Start of Block

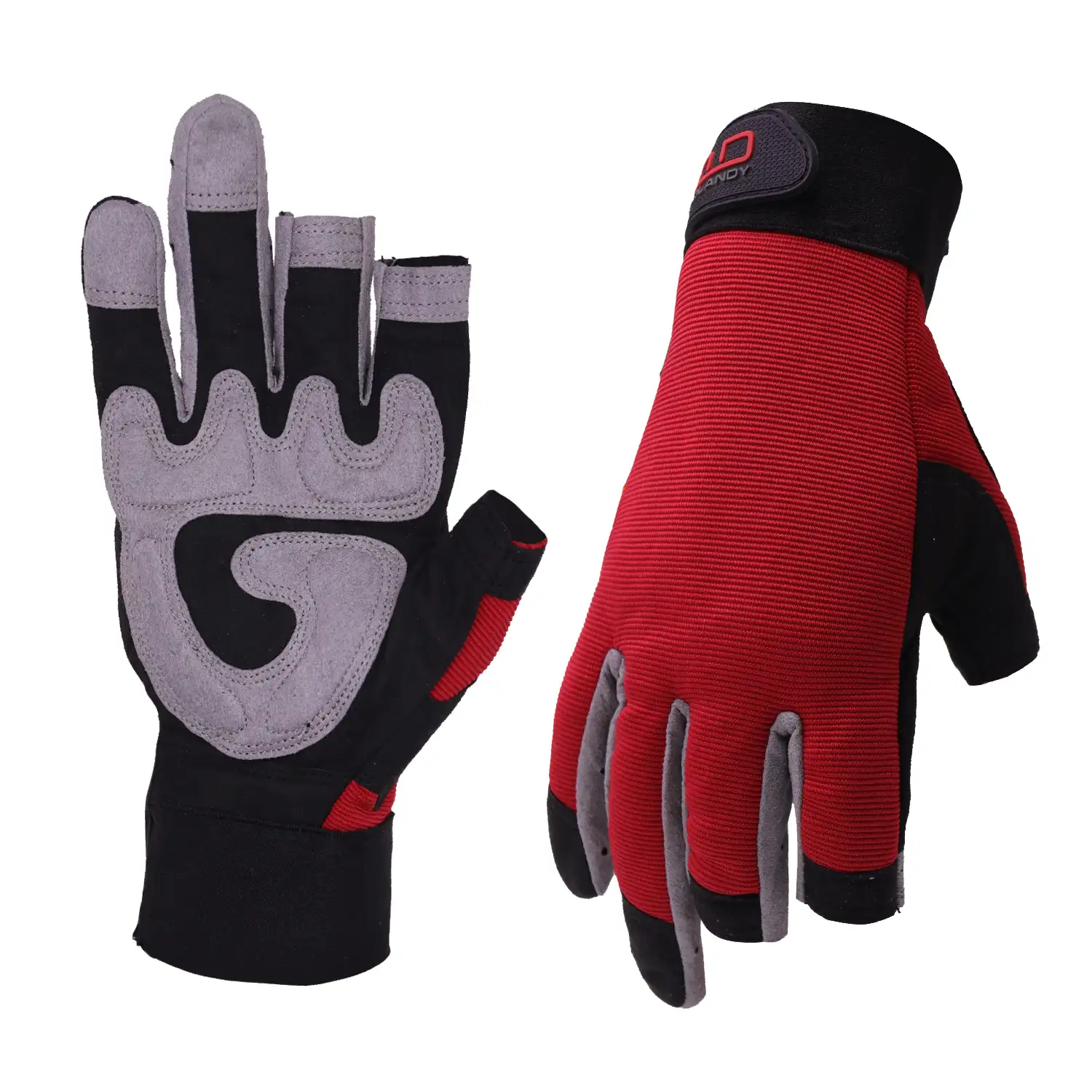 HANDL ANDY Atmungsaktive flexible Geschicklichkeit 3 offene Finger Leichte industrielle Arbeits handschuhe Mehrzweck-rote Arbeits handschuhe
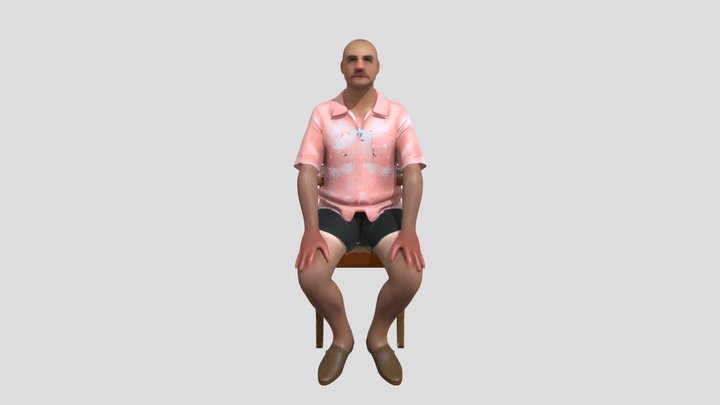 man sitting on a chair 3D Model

End of Block
Start of Block

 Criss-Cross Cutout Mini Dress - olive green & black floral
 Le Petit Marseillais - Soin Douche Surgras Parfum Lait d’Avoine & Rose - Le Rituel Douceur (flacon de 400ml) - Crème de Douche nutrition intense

End of Block
Start of Block

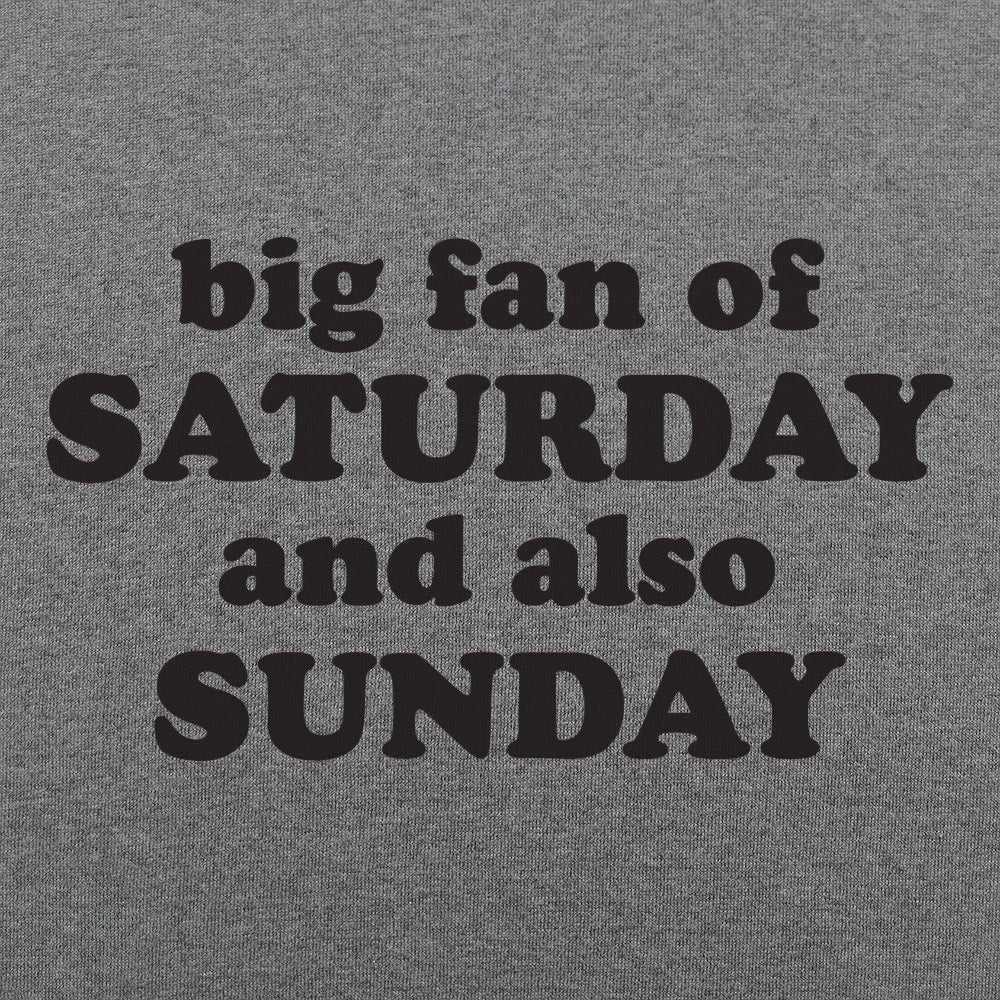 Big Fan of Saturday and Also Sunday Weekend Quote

End of Block

For this exercise, return exactly the lines above from the line with "HANDL ANDY Atmungsaktive" through the line with "man sitting on a chair 3D Model", both included. Do not copy the pictures.

**REPLY TO THE EXERCISE:**
 HANDL ANDY Atmungsaktive flexible Geschicklichkeit 3 offene Finger Leichte industrielle Arbeits handschuhe Mehrzweck-rote Arbeits handschuhe
 man sitting on a chair 3D Model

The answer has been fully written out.